Article on some of the features of the Me-210A-1


----------



## razor1uk (Sep 20, 2011)

Thanks Micdrow  I keep wanting to type your name Midcrow - apologies if I've done so in the past.


----------



## stona (Sep 20, 2011)

Good stuff. The date of the article caught my eye. It is almost exactly a year after Milch,Goering and Vorvald's initial cancellation of the Me210 and Messerschmitt's subsequent concession that the aircraft was not fit for operational service. The scramble to fix the Me 210,finally resulting in the Me 410 cost Messerschmitt AG 38,000,000 Reich Marks. There was a period,at the height of the war,when more than 4,000 Messeschmitt workers were literally standing around with nothing to do. The initial modifications,slats,fuselage extension etc cost 3,400 man hours per aircraft. The debacle even cost Willi Messerschmitt his job. After the Me210 fiasco he was only responsible for design and development.
Truly an awful aeroplane,but they did fix it.
Cheers
Steve


----------



## razor1uk (Sep 21, 2011)

It was only the Germans who thought it awful, and thats mainly because they thought it'd be so much better than the 110, when it wasn't much of a jump ahead, more of a small step - the RLM really wanted the license for the Mitsubishi Ki-46 but Japan didn't give it them, possibly not wishing to risk one of its fastest recon designs being intercepted or lost to the allies outside of its own theatre.


----------



## stona (Sep 21, 2011)

The initial Me210 was awful. It was cancelled and only revived at great expense by Messerschmitt AG who were facing a financial catastrophe. Even in wartime business goes on. At the time of the cancellation Regensburg and Augsburg had several hundred airframes in various states of construction and parts already delivered to build them up. Willi Messerschmitt himself conceded it was not fit for operational service. He made various undeliverable promises about production of the modified version in his desperation to keep the project alive. The initial Me210 simply didn't fly very well. It would be a step back from the Bf110 as it was considered virtually un-flyable by service pilots.The revised design was much better and eventually morphed into the Me410.
Cheers
Steve


----------



## Crimea_River (Sep 21, 2011)

The Hungarians seemed to tolerate the shortcomings of the 210 a lot more than the Germans.


----------



## Shortround6 (Sep 21, 2011)

I believe that some of the "modifications" the Hungarians used include lengthening the rear fuselage about 3ft.
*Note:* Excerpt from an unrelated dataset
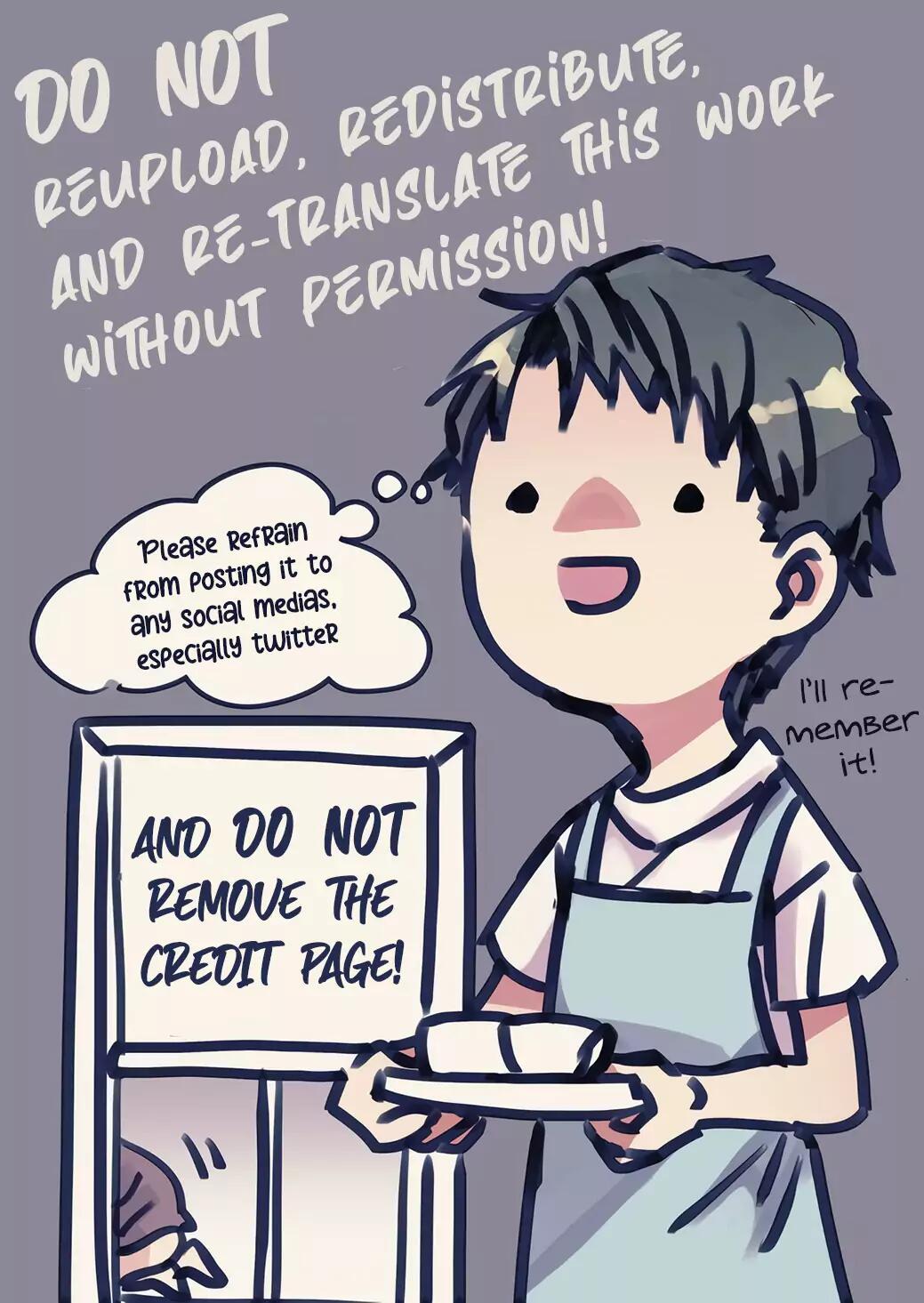 Things that are more embarrassing than sex Chapter 5 page 2 -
If I remember right the Hungarian 210 was more of a 410 with 605 engines than a real 210.


----------



## Maximowitz (Sep 22, 2011)

Crimea_River said:


> The Hungarians seemed to tolerate the shortcomings of the 210 a lot more than the Germans.



The true story of the 210/410 can be found in the Petrick/Mankau/Stocker book, which is probably the last word on the subject. Essentially there was very little wrong with the 210 - it was designed to be unstable with the short fuselage to increase maneuverability and experienced pilots had little trouble with it. Unfortunately by the time it came into service there were very few of those left.....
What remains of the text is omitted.